Arts reviews with a bite

Theatre

The lightest element

Hampstead Theatre, London

4/5

Brightness of stars

Stella Feehily’s sensitive play brings to life the brilliant and extraordinary achievements of Cecilia Payne-Gaposchkin, one of the most eminent astronomers of her time. And what a time it was: women were not as yet allowed to complete PhDs at Cambridge University, or hold professorships at Harvard, or be taken seriously as scientists.

The lightest element
Maureen Beattie in The lightest element at the Hampstead Theatre (Credit Mark Douet)
Maureen Beattie in The lightest element at the Hampstead Theatre (Credit Mark Douet)

Born in England in 1900, and having completed her degree at Cambridge, Payne-Gaposchkin had to move to the United States in 1923 to be able to pursue post-graduate study and was the first person to earn a PhD in astronomy from Radcliffe College of Harvard University in 1925. Furthermore she made a remarkable discovery that stars were mainly made of hydrogen and helium which contradicted the scientific consensus at the time. She presented these conclusions in her thesis, only to be rejected by the famous astronomer Henry Norris Russell who succeeded in claiming this discovery as his own a few years later when he managed to catch up with her thinking.

Payne-Gaposchkin commented on Russell’s initial rejection of her work in her autobiography: “I was to blame for not having pressed my point. I had given in to Authority when I believed I was right. That is another example of How Not To Do Research. I note it here as a warning to the young. If you are sure of your facts, you should defend your position.”

Maureen Beattie in rehearsal (Credit Mark Douet)

The lightest element from the title is hydrogen, but it also refers to the way Payne-Gaposchkin was treated by male colleagues. Without the support of Harlow Shapley, the Director of the Harvard College Observatory, and Donald Menzel who succeeded him, she may not have managed to eventually achieve the recognition that she was due. It was only in 1956, after more than 30 years at Harvard, that she was appointed a full professor and became the first woman to hold this position at Harvard.
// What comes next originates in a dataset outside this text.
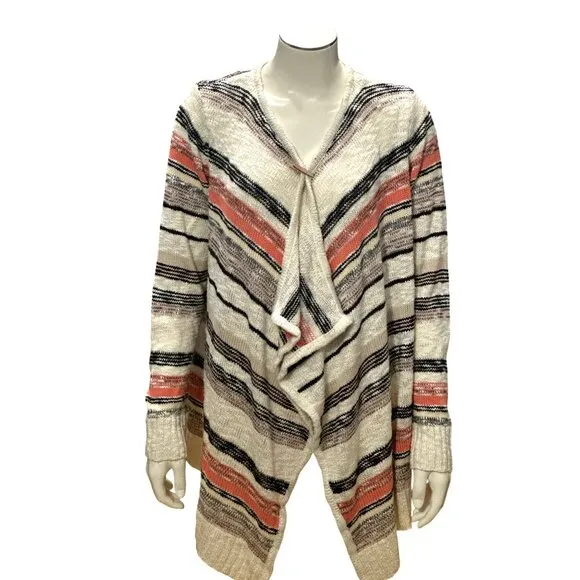 CCC Striped Open Front Cardigan Sweater Stripes Long Sleeves Asymmetric Size XL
The play, deftly directed by Alice Hamilton, mainly concentrates on the time in 1956 when Payne-Gaposchkin, played by the excellent Maureen Beattie, was finally at the cusp of achieving recognition and was in the running to become chairman of the astronomy department at Harvard. Payne-Gaposchkin’s presence is portrayed as confident, rational, no-nonsense, ambitious, resilient, slightly matronly but witty, and more than capable of holding her own in the overwhelmingly male-dominated world of astronomy. In her plight for respect the viewer can easily recognise the situation of many contemporary women.

It is the two other female characters in the play that allow us access to the private persona of the professor. The first is another brilliant mind, Payne-Gaposchkin’s assistant, played by Rina Mahoney, who is highly respectful and protective of her Mrs G. The other is a young woman writing for the student newspaper played by Annie Kingsnorth. She wants to write a profile of Payne-Gaposchkin, but is manipulated by her boyfriend to stitch up the professor as a communist, which would adversely affect her chances of being elected chairman.

The lightest element at the Hampstead Theatre (Credit Mark Douet)

The culmination of the play, the meeting at which the appointment of the chairman is decided by a group of male astronomy professors, is a spectacle of cringeworthy misogyny. Of its time, but also of our time, it would not be out of place in any boardroom today. The men bring up every known cliché as an argument why a woman should not be appointed to the role. Even the ‘man’ in the chairman is maliciously pointed out as proof that obviously only a man could hold this position. (At the very least in those days they didn’t use the awful expression ‘chairperson’.) Payne-Gaposchkin gate-crashes the meeting and presents her credentials calmly and sensibly, reassuring the old men that she would not seek to replace them. In the end, pressed by the current chairman and having insulted Payne-Gaposchkin as thoroughly as possible, they concede to the appointment out of sheer laziness.

In an ironic turn of events, Payne-Gaposchkin was awarded the Henry Norris Russell Prize from the American Astronomical Society in 1976 for a lifetime of excellence in astronomic research. This is the same Henry Norris Russell who rejected her groundbreaking discovery years back. Her acceptance speech in which she discusses the excitement of scientific work and acknowledges other women astronomers opens and closes the play.

It is difficult creating dramatic material from the dry and serious back-stabbing world of science and academia and a woman’s quest to find her rightful place within it. Nevertheless Stella Feehily’s play humbly succeeds in bringing to light an interesting trailblazing figure of the past.